The ability to positively reframe negative experiences appears to increase as individuals grow older, according to a new psychological study.

Investigators asked more than 280 participants aged 18 to 88 years old to watch a series of film clips featuring subjects that ranged in expected emotional effect from negative, such as scenes of war; neutral, such as weather reports; and pleasing, such as footage of happy babies. They were asked to allow any emotional responses to arise naturally, or — in response to half of the negative clips — to actively try to positively reframe their responses.

When investigators analyzed participants’ reports of these experiences, they found that the older adults reacted more positively to the film clips — no matter the expected emotional effect, reported Susanne Schweizer, Ph.D., of the University of New South Wales in Australia. 

These older participants also were better able than the younger cohort to positively reframe a negative experience in a more positive way.
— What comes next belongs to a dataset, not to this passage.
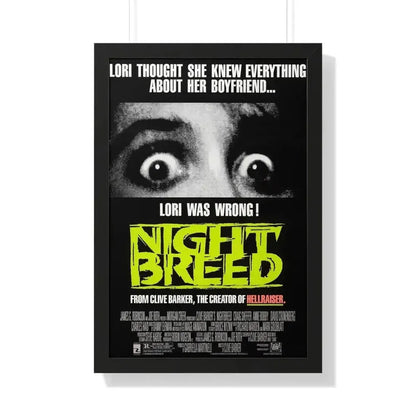 NIGHTBREED 1990 - Framed Movie Poster 20" x 30" Black - The Sticker Space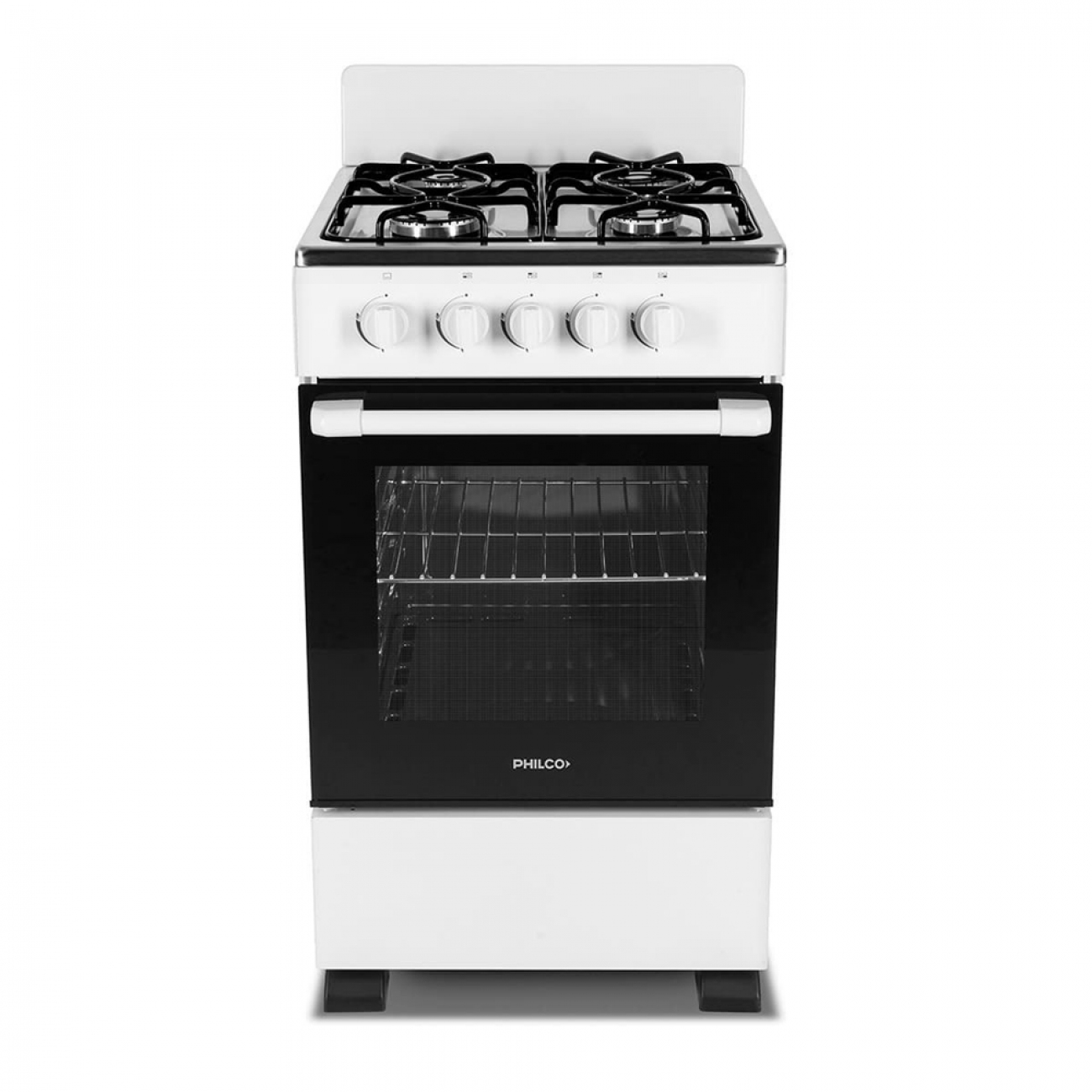 Imagen Cocina A Gas Philco Phcn50b 4 Hornallas Blanco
This was true even though there appeared to be a more negative resting mood state, called “basal negative affect,” among the older participants.

“These data correspond quite neatly to the socioemotional selectivity theory of aging,” Schweizer said. “This theory states that, as we age, we become more adept at navigating our social environment, carrying a broader psychological toolkit or simply rearranging our lives to minimize drama.”

The researchers also compared the results with existing imaging data of the aging brain. Full findings were published in the Journal of Neuroscience.